While most jazz exotica made few, if any, concessions to incorporating indigenous music, it’s worth singling out four jazz musicians – Ahmed Abdul-Malik, Yusef Lateef, Herbie Mann and Art Blakey – who did go further in adapting non-Western modes and instruments with some degree of consistency, if not authenticity, in the ‘50s and ‘60s.

 

Ahmed Abdul-Malik, Jazz Sahara

Ahmed Abdul-Malik's Jazz Sahara, from 1958.

Yusef Lateef, Jazz Mood

Yusef Lateef's 1957 album Jazz Mood commenced a fascinating series of jazz exotica studies.

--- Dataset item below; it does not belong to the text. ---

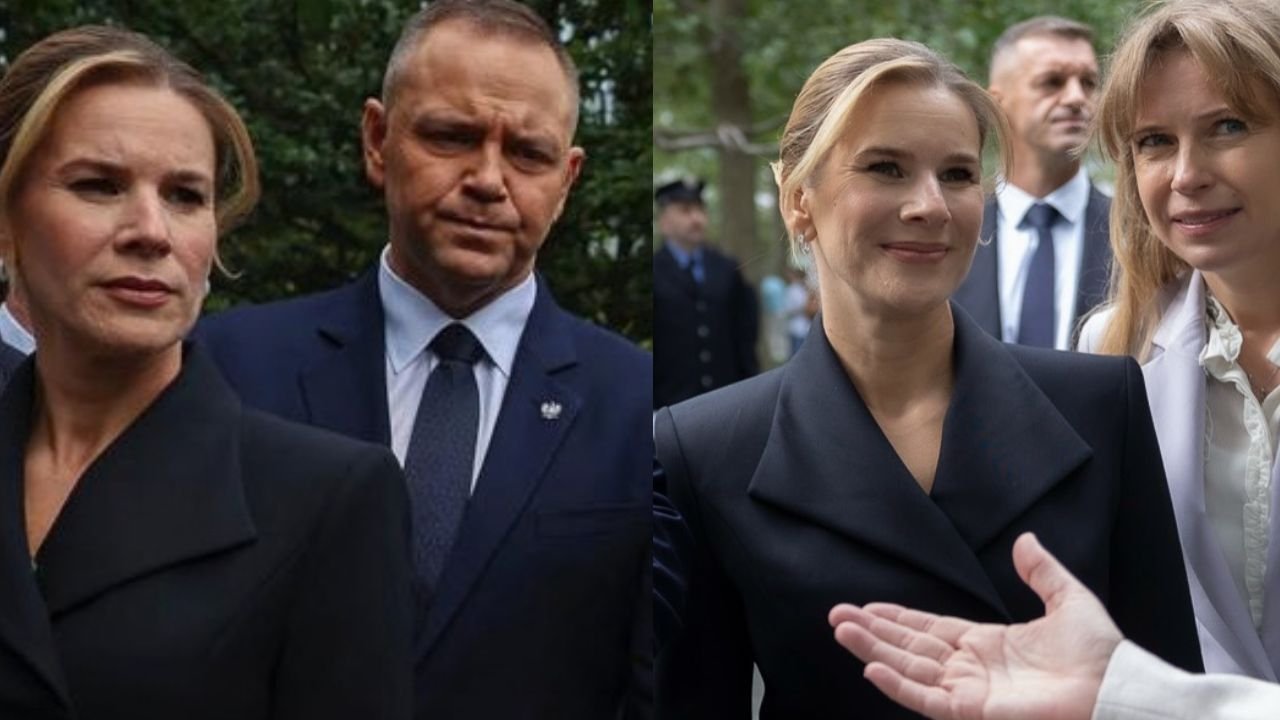 Marta Nawrocka z wizytą w Nowym Jorku. Pierwsza Dama zagrała nóżką w stonowanej czerni [zdjęcia]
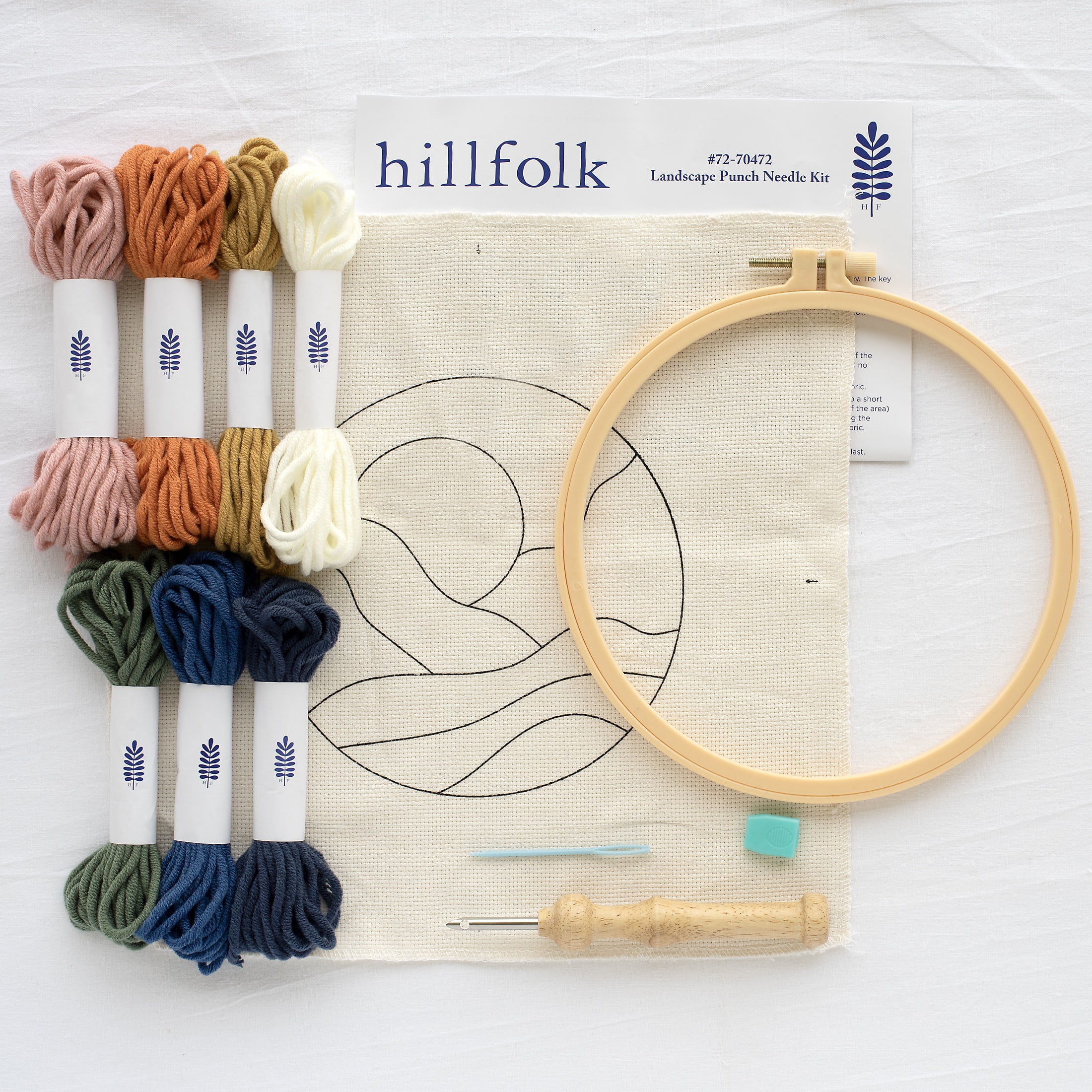 Hillfolk Punch Needle Landscape Kit Includes A 8 Inch Plastic Hoop, Printed Fabric, Yarn, Punch Needle Tool And Instructions. Makes An 8 Inch Punch Needle Design.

A bassist with Sudanese roots, Ahmed Abdul-Malik was an in-demand sideman who largely focused on music of the Near and Middle East on his own late ‘50s and early ‘60s efforts. Proficient on the oud, albums like Eastern Moods of Ahmed Abdul-Malik, Jazz Sahara, East Meets West and Sounds of Africa introduced jazz players into a pseudo-Eastern context.

 

Detroit-born Yusef Lateef primarily played saxophone and flute, but took a voracious, life-long interest in ethnic wind, reed and percussion instruments, featuring many of them to striking effect in his compositions – see in particular Lateef’s albums Eastern Sounds, The Centaur And The Phoenix, Jazz And The Sounds Of Nature, Jazz ‘Round The World and Prayer To The East.

Flautist Herbie Mann was similarly omnivorous in his musical predilections, and, in addition to a number of Latin jazz and Brazilian dates, would record several Afro-Eastern works: African Suite, Family of Mann, The Common Ground and Impressions of the Middle East.

 

Finally, powerhouse drummer Art Blakey, leader of the venerable Jazz Messengers, recorded a handful of albums with large percussion ensembles (Drum Suite, Orgy in Rhythm, vols. 1 and 2, Holiday for Skins, vols. 1 and 2, The African Beat) that reflected his own interests in the polyrhythms of Africa and the African diaspora.

 

While often superb, all of these artists’ recordings were clearly based in Western musical theory and structure, and ultimately fall somewhere too along the continuum of jazz exotica.

Herbie Mann, African Suite

Though credited to vibraphonist Johnny Rae, 1958's African Suite is just as much a Herbie Mann effort.

Exotica as a style hung in the air in the ‘50s and ‘60s. But why was it so particularly attractive to jazz musicians?

The colorful sounds, contrasts and motifs, the unusual rhythms and the emphasis on otherworldly atmospheres that characterized exotica were also natural vehicles for jazz’s practitioners’ restless creativity. In the guise of exoticism, the need to justify a strange tone poem or jazz fantasia was obviated. As a sort of musical shorthand, exotica provided the latitude for musicians to take chances, to exorcise creative impulses, to expend wild musical energies, to instantly transform a room’s ambience.  Also: conjuring the exotic Other just sounded so great.

Art Blakey, Drum Suite

Art Blakey's Drum Suite, from 1956

In the mid-’60s, modal and avant-garde jazz albums began making use of the imagery of faraway lands.  2 Such places were invoked largely with reference to the Pan-African interests of black consciousness rather than as loci of exotic escapism and leisurely pleasure, however. Various sitar jazz experiments came sometimes close to the spirit of exotica, too.  3 But these were more closely aligned with the younger, psychedelic counter-culture’s nascent interest in Eastern mysticism.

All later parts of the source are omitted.